Definitely not a velvet or Southern velvet or Asian or ring-tailed.
It's nice to see a native though, apart from captives the only geckoes I see are Asian house.
Nice find!


----------



## nuttylizardguy (Jun 11, 2019)

Ryan-James said:


> I can't see its feet properly in the picture.
> I say your on the money with bynoes gecko if it has claws, if it has pads it would be a dtella (outside it's home range).
> Definitely not a velvet or Southern velvet or Asian or ring-tailed.
> It's nice to see a native though, apart from captives the only geckoes I see are Asian house.
> Nice find!



I took a look under a magnifying glass , toes have pads and terminated with little nails
Best photos I've got so far are here :
highlighting the feet, hands, toes and fingers, and I can see little ridges on the tail too.

==> little dtella based on it's toes and fingers ?









the tail kink disappears when it's curled up or moving about.

Still alive and active. (No ill effects from contact with the roach bait so far.)
[doublepost=1560240975,1560236508][/doublepost]It likes tiny woodies - I used my little bug sucker-uper (entomologist's aspirator) to suck up about 10 tiny woodies about 3mm long and the little gecko ate 6 of them , so nothing wrong with it's appetite.
This is my kit for tiny insects :






I'm using a spare cap off an old Artline 70 permanent marker as it's hide, and it fits comfortably inside and has no trouble curling up at the back .

Talk about micro beasts !!!

I'm used to dealing with water skinks, bluetongues and bearded dragons , this is an entirely new scale of doing things for me.


----------



## GBWhite (Jun 11, 2019)

Mate it looks to me to be a Asian House Gecko (Hemidactylus frenatus) which are an invasive species. They look like Dtellas but the main difference is that Dtellas don't have spines on their tails and the inner toes are clawless.


----------



## nuttylizardguy (Jun 11, 2019)

GBWhite said:


> Mate it looks to me to be a Asian House Gecko (Hemidactylus frenatus) which are an invasive species. They look like Dtellas but the main difference is that Dtellas don't have spines on their tails and the inner toes are clawless.



I wasn't aware of the clawless inner digit trait in Dtellas.
Taking a very close look the "thumbs" and "big toes" these appear clawless on this specimen. This can be seen in the closeups of the feet and hands.
There are ridges on the tail , under the magnifying glass these don't appear to be "spikes" or "spines" , just ridges of scales.

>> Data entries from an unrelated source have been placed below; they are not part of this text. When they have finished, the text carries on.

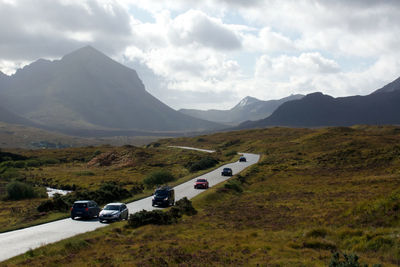 Cars on road by mountains against sky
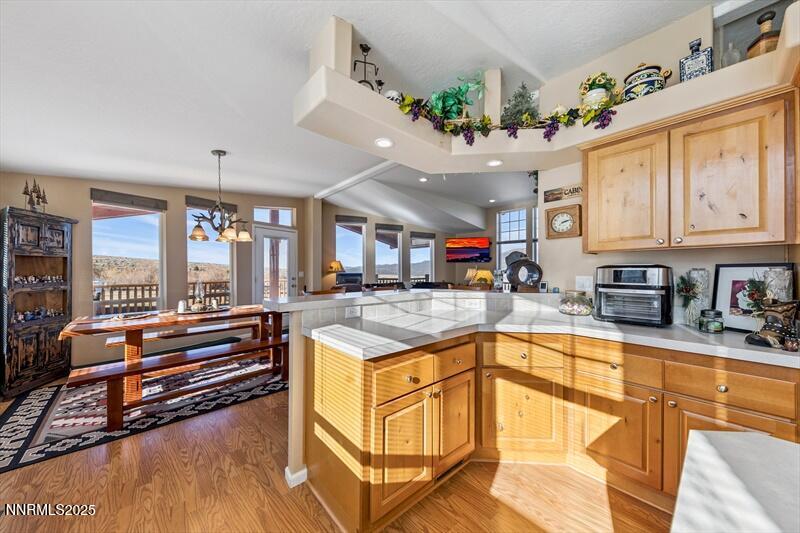 231 Atcheson Yerington, NV 89447 - Photo 12 of 30 a kitchen with stainless steel appliances granite countertop a sink stove and wooden cabinets
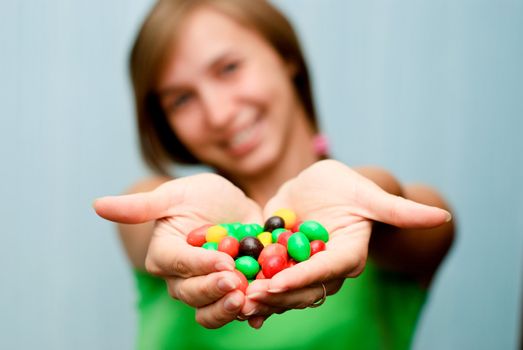 Portrait of a young woman offering colorful candies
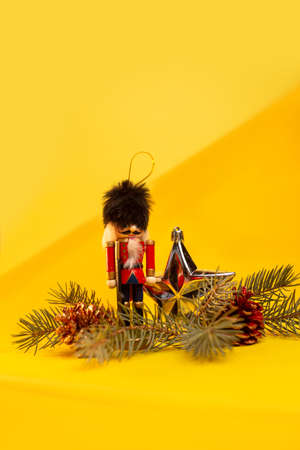 christmas toy nutcracker and New Years decor on a yellow backgroundの写真素材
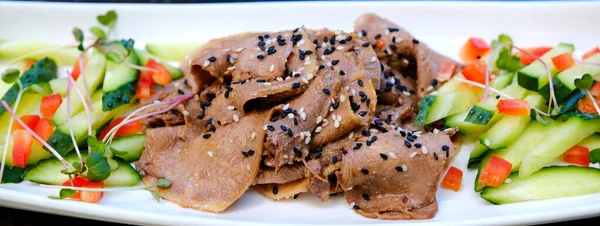 Salatalık ve dolmalık biberle hazırlanmış, dilimlenmiş sığır diliyle kaplanmış, susam tohumlu mikroçerez ve zeytinyağı ve soya sosuyla çeşnili, zarif ev yapımı..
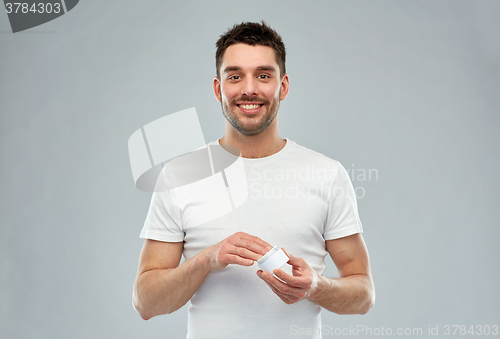 Image of happy young man with cream jar over gray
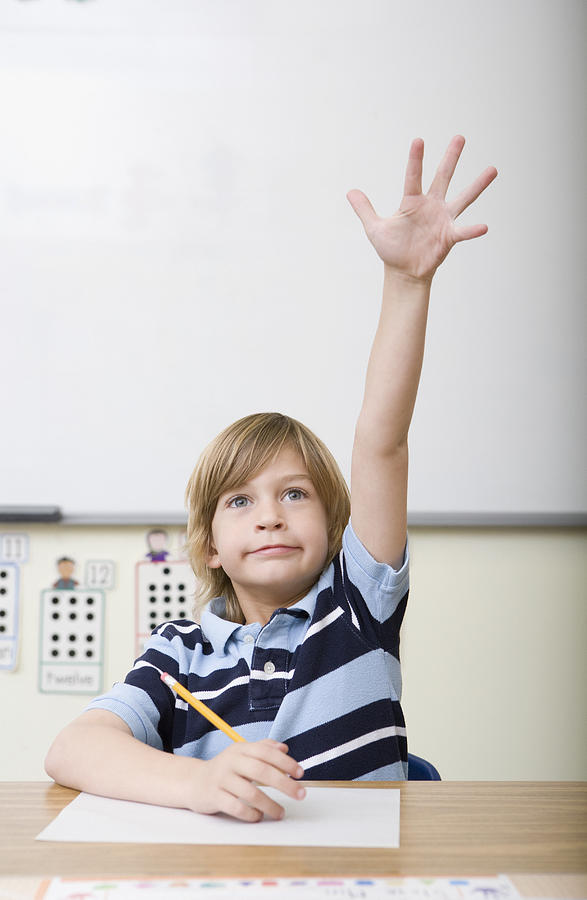 Boy raising hand in classroom Photograph by Wealan Pollard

I've taken another look now that I have some clues / traits to look for and believe it's likely a Gehyra dubia or Gehyra variegata ( little line shaped spots are a strong indicator) , being a juvenile or even a hatchling (?) it's hard for certain.

Adult G.dubia





adult G.variegata




[doublepost=1560259150,1560255597][/doublepost]Either way , I'll be keeping it for a few months to see how it develops and get a better idea of it's species. Then it'll be released pretty much where we found it (in September).
And I might just decide to get into geckos and buy a few captive bred hatchlings to rear and breed (maybe some nobtails ? or velvets ?)


----------



## Ryan-James (Jun 12, 2019)

Yep you are both right, Asian house geckoes have a claw on each toe.
With Gehyra species the innermost toe on each foot is clawless, those new pics looks like the innermost toe is clawless, not to mention that short face but Im still not 100%
Yeah mate, those are the two gehyra species closest to you, your on a winner I reckon but then the ridges on the tail throw me off. Looks like it may moult soon too.
Dtellas were the species on everyone's walls when I was a kid, long before the Asian house gecko invasion. Good luck and keep pumping those woodies into him.


----------



## nuttylizardguy (Jun 30, 2019)

Ryan-James said:


> Yep you are both right, Asian house geckoes have a claw on each toe.
> With Gehyra species the innermost toe on each foot is clawless, those new pics looks like the innermost toe is clawless, not to mention that short face.
> Yeah mate, those are the two gehyra species closest to you, your on a winner I reckon.
> Dtellas were the species on everyone's walls when I was a kid, long before the Asian house gecko invasion.



When I was working as a engineering contractor at Port Hedland back in 1999 - 2001 , and then in Newman in 2002-2004 , little native nocturnal geckos (and tree frogs) were very commonly seen on walls and walking across ceilings (even 5 floors from the ground level).

I'm very pleased it's a native , and expect there are a few more hanging about inside my house and about it , where there's one juvenile / hatchling, there's got to be at least 2 adults and some juveniles and other hatchlings. I am sure I've caught a glimpse of one dash across the bathroom floor and disappear under the bath a few times - at the time I thought it was maybe a little baby water skink , I've had them come inside too.

Definitely going to hang onto it for a few months as I'm curious to see how it develops and maybe I can make a more definitive ID of it's species when it's bigger , I think from my reading they take 12 months to mature , but 3 months from now it should be starting to look more like it's adult body shape and patterning .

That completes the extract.